Philobiblon: The laws for terrorists?

Thursday, December 22, 2005

The laws for terrorists?

In Britain, Australia and the US laws have been brought in to deal with "terrorists", sweeping away civil liberties in the process. But these were only for terrorists, we were told.

So who's been caught?

The latest, in Britain, is an an "over-enthusiastic" A-level chemistry student.

In Australia this week, it was entirely innocent, indeed random, bus passengers and car drivers, on routes heading towards Sydney beaches where there have been racist clashes that no one has suggested have anything to do with "terrorism". Police were confiscating their mobile phones and reading through the text messages. So much for privacy.

And of course there's is the US, where the situation is even worse, since George Bush is not even bothering to try to get a law or legal backing for wire taps, instead employing the Louis XIV-style of government.

Finally, however, I get the feeling that the pendulum is swinging. It is not just those who pay reasonably close attention to issues such as human rights who are starting to get concerned, but the general public. Of course the problem is that it is a lot harder to get rid of laws than bring them in.


Elsewhere, while I don't believe in the death penalty, it is hard not to give a little cheer at the end of a Japanese "groper", chased by a group of men after his woman victim had the courage to speak up. (He had a heart attack and died in hospital.)

I doubt there's a woman - at least a woman who's lived or visited a city - who hasn't suffered from this sort of assault. It is the sort of thing that makes women feel they are living in perpetually hostile, male, spaces.

And hopefully this event will empower more Japanese women to speak up and protest.
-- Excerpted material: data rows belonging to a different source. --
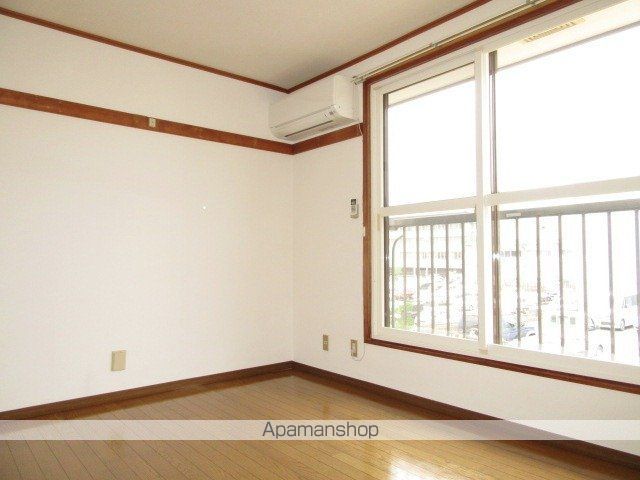 コーポ岡田D棟の内装写真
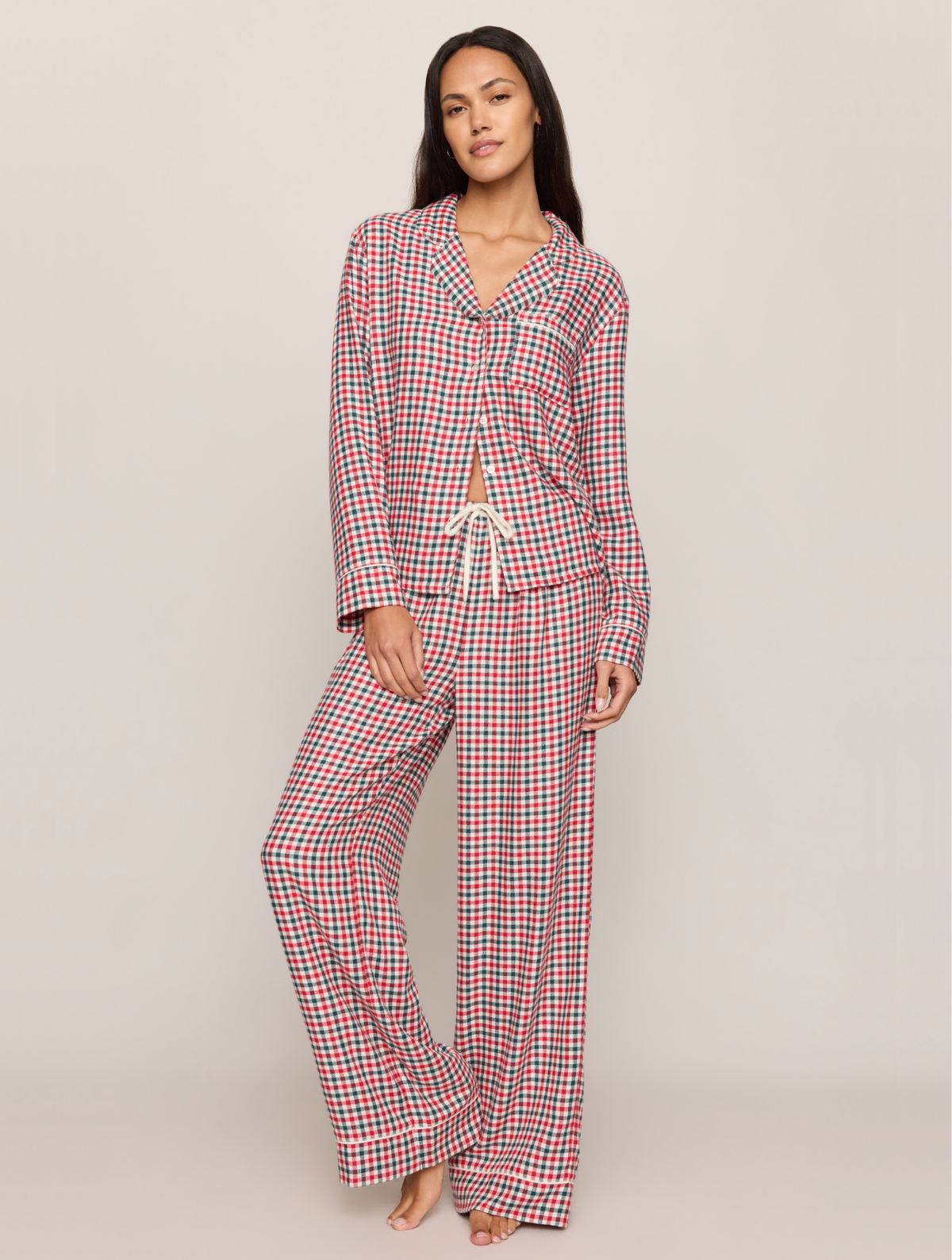 Jolly Gingham Pant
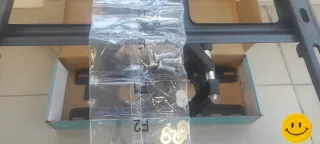 SOPORTE TV 65" ALTA CALIDAD UNIVERSAL TOTAL NUEVO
Anonymous Chameleon said...

I endured an extremely unpleasant incident on a crowded bus in berlin once - it gives me the shudders to read about the Gropers' Guilds in the article.
Although I haven't had time to read it yet, I couldn't help noticing the headline in today's Independent. The other link about the terrorists reminded me of it. The scope for blunders and abuse is huge, the argument that the law-abiding need fear nothing has never convinced me. The sheer scale of the new surveillance operation heralds a new era of state interference and intrusion (historically unique) given the technology.
It was also a dark day for Europe when the data retention laws were passed by the European Parliament (it wouldn't have met such enthusiasm had Charles Clarke not offered the "bribe" of dealing with it under co-decision, shifting it from the inter-governmental pillar where the EP simply rubber-stamps legislation without powers to amend, hinting that the EP might be permitted greater influence in future). Liberty has not been subjected to such a sustained attack for many a year and the apathy of my average compatriot never ceases to amaze...

12/22/2005 04:43:00 pm  
Blogger Mimi said...

Unfortunately, the US population has reacted like a rhino reacts to a gnat.

12/22/2005 07:14:00 pm  
Blogger Ahistoricality said...

Unfortunately, the most likely result of the Tokyo incident is not a more aggressive (defensive?) stance on the part of women as much as greater hesitation in confronting assaulters on the grounds that they don't really want anything bad to happen.

12/23/2005 06:20:00 am  
Blogger Natalie Bennett said...

Yes Mimi - I suppose I was thinking about the UK and Australia, where I do suspect - or maybe hope - there is a shift occurring.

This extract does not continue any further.